21 March, 2008 (16:17) | Practice

You have these images of practice time being without distractions. Like folding clothes, you just sit down and proceed to do the task. Practicing an instrument though, takes not just your physical presence, but your MENTAL presence as well. As children, we don’t have nearly the number of distractions that adults do, but they still have other things that invade the thoughts and distract from “complete participation” in practice. I’ve mentioned ideas previously of making to-do lists before sitting down to practice and setting timers to take some of the workload off the brain, but sometimes the gear shift from day to day chores, scheduling to intense practice is hard to say the least. Where I’m driving is this idea…

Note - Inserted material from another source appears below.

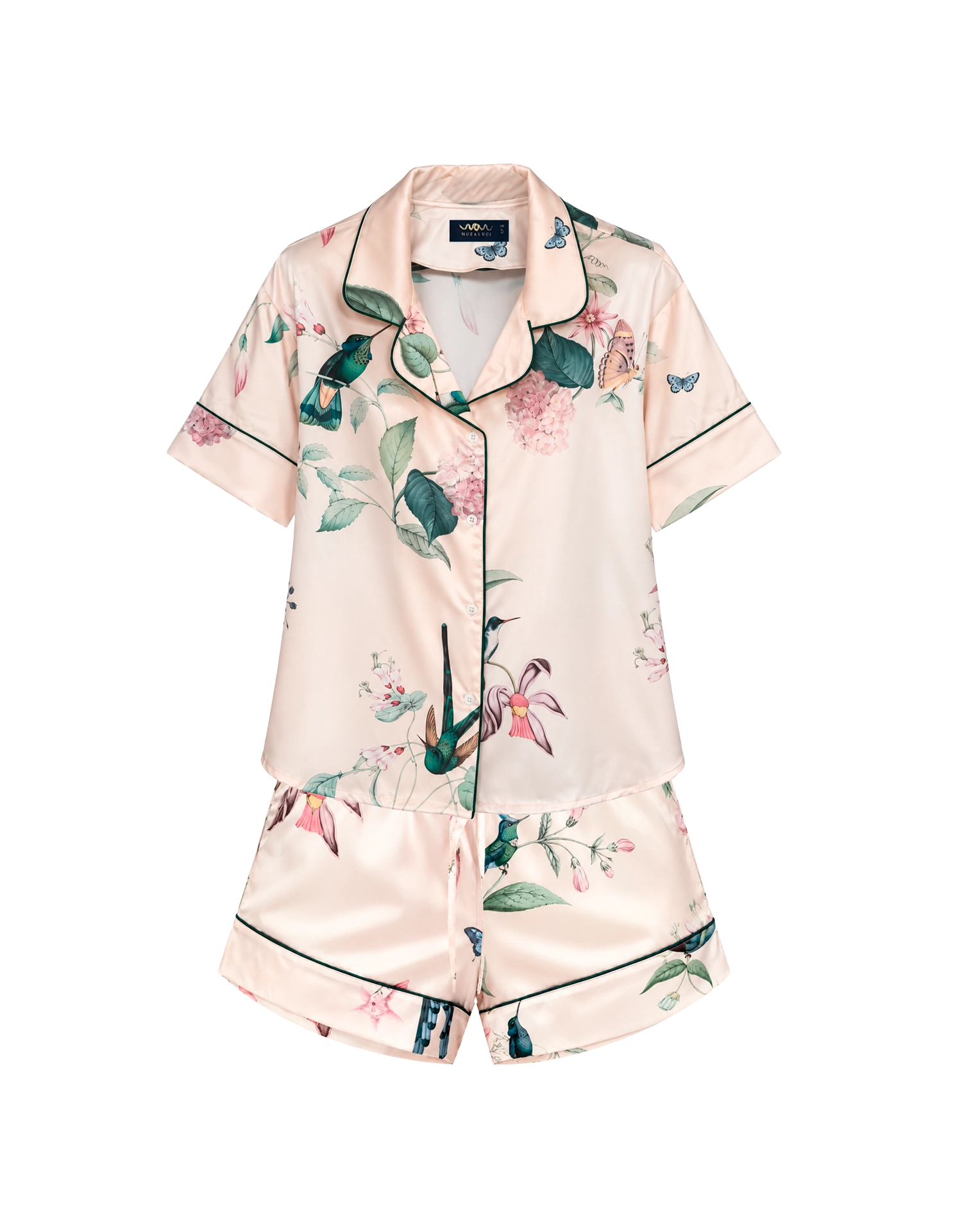 Short pajama set - Ivory Hummingbird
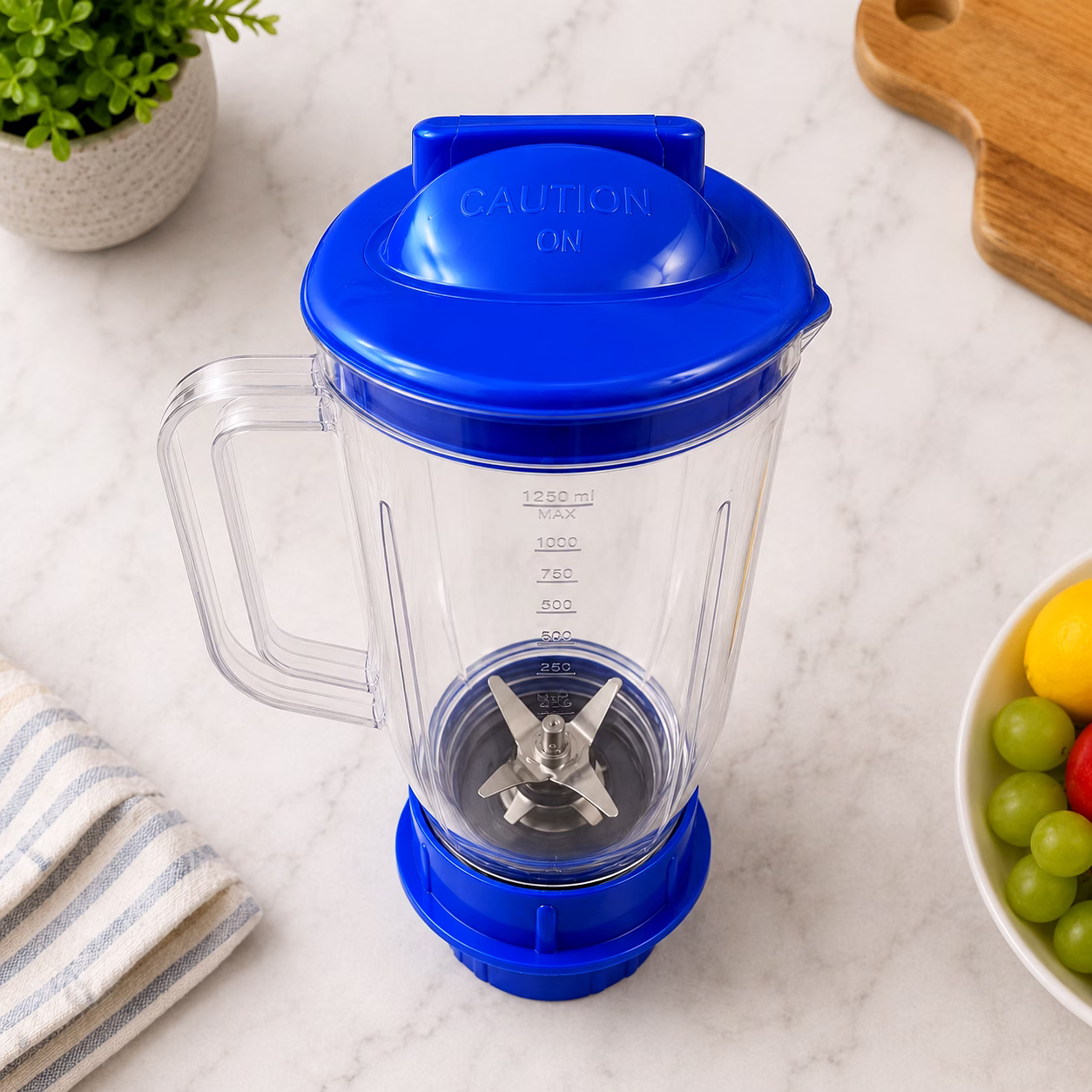 Mexican Unbreakable Mixer Juicer Jar 1500ml | Transparent ABS Plastic | Blue | Universal 4-Teeth Coupler | 2-Slot Compatible image 3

Start your practice time with a good warm up. If you’ve studied your instrument for more than a year you likely have more than a few scales, or progressions of chords that you’ve used as a technique exercise and you may have never quite understood the benefit but you go through the motions. Use these to help clear your mind for the REAL practice to come. Certainly there are many benefits to chords and scales, but don’t do them with your mind detached.

Take the scales and a slow and steady pace, use them to practice your counting. Try playing them as whole notes…. concentrate on the sound of them, making each note sound full-voiced and even. “1-&-2-&-3-&-4-&” milk the notes for each full count. Use this time to focus on your technique too. Is your technique helping get the sound you want? If you’re practicing piano, are your fingers curved and hands/arms relaxed? Are your knuckles parallel to the keys?

Experiment wiht phrasing your scales, growing the dynamic of the phrase and then tapering.

You can do the same with the chord progressions. For lack of a better phrase “wallow in the sound” of each chord.

Another good warm up is to find older, easier pieces that you’re comfortable with and have played for quite a while. Give a quick play through or two and then move on to some easy sight reading. By this time you should be at a good mental preparedness to move on to your main practice pieces.

Enjoy warming up and you’ll get that much more out of your practice time.